I recently posted some thoughts regarding Microsoft’s Windows-compatible Hadoop implementation, HDInsight. I was investigating it for a project that I figured would benefit from a distributed processing approach, although ultimately decided to pursue other alternatives. It led our team to make some quite interesting discoveries about Hadoop, and some scenarios of when current distributed processing solutions are and aren’t appropriate.
The project in question is actually a large-scale data processing solution, required to process millions of varied data files daily, parsing data points from JSON, XML, HTML and more, and writing to a storage solution. Going back to the “Big Data” terminology, we were definitely looking at the potential for moving Terabytes of data per day, at least once we scale up, so needed a technology that could handle this, while remaining responsive, as processing time is actually a crucial factor.
What we quickly noticed, was that we actually didn’t need to use the Reduce part of the functionality. All we wanted to do was just simply run Map jobs to identify and retrieve data points, rather than aggregating and summarising said data points.
Following investigation of, and subsequent rejection of HDInsight as a viable option for this project, we took a look into vanilla Hadoop, as well as some other distributed processing implementations and Hadoop add-ons. Fortunately, there are a lot of very cool products out there.
Cloudera Impalaactually introduces its own distributed query engine, which avoids MapReduce to deliver near real-time query results. It’s not intended as a replacement for MapReduce however, and is meant to complement a Hadoop cluster by offering alternative query techniques for accessing data from Hive and HDFS.

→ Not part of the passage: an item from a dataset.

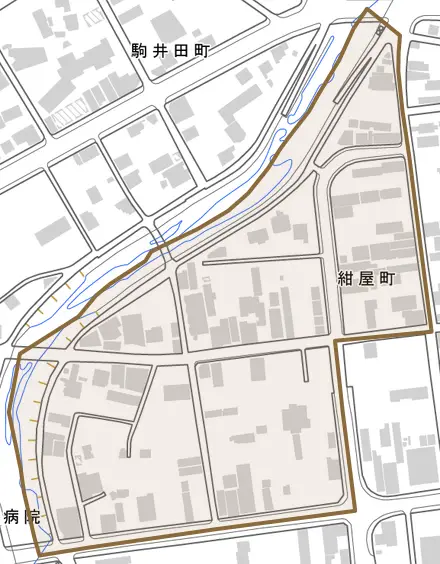 紺屋町とその周辺の地図。町の範囲を重ねている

To properlyevaluate the performance of these products against one another,we realised we needed a baseline. Having a great deal of MS BI experience in our team, we thought it would be fun to create this baseline using our usual go-to data processing solution: SSIS.
The more we dug into the distributed architecture, the more it seems like we were looking for something else for our purposes, given the complete lack of requirement for a reduction function.
I won’t go into detail on this, as Links has already written up the results over on thinknook.com, but running our Map function on a single SSIS instance performed significantly better in each test than our Hadoop cluster. The results we gathered seem to suggest that distributed is really only the correct approach when you areusing both the Map AND Reduce functionality and/or working with extremely large datasets. Indeed, the larger the dataset and the more data points involved, the more powerful and useful the reduce functionality becomes.
There is quite simply no straightforward alternative for performing this type of operation in traditional ETL platforms such as SSIS.
I’d like to find out what the comparison is like when performing this same test with Spark vs SSIS, just to see if the in-memory implementation provides the necessary performance boost, or if it’s still better to keep Map and MapReduce in two separate places.
Bottom line: It depends on the job.
If you’re not utilising both sides of the MapReduce coin though, even when processing millions of files, then the overhead of creating and managing jobs, is just not worth it. And if you are using both Map and Reduce functionality, it may just be worth considering some of the other solutions out there as an alternative to Hadoop MapReduce.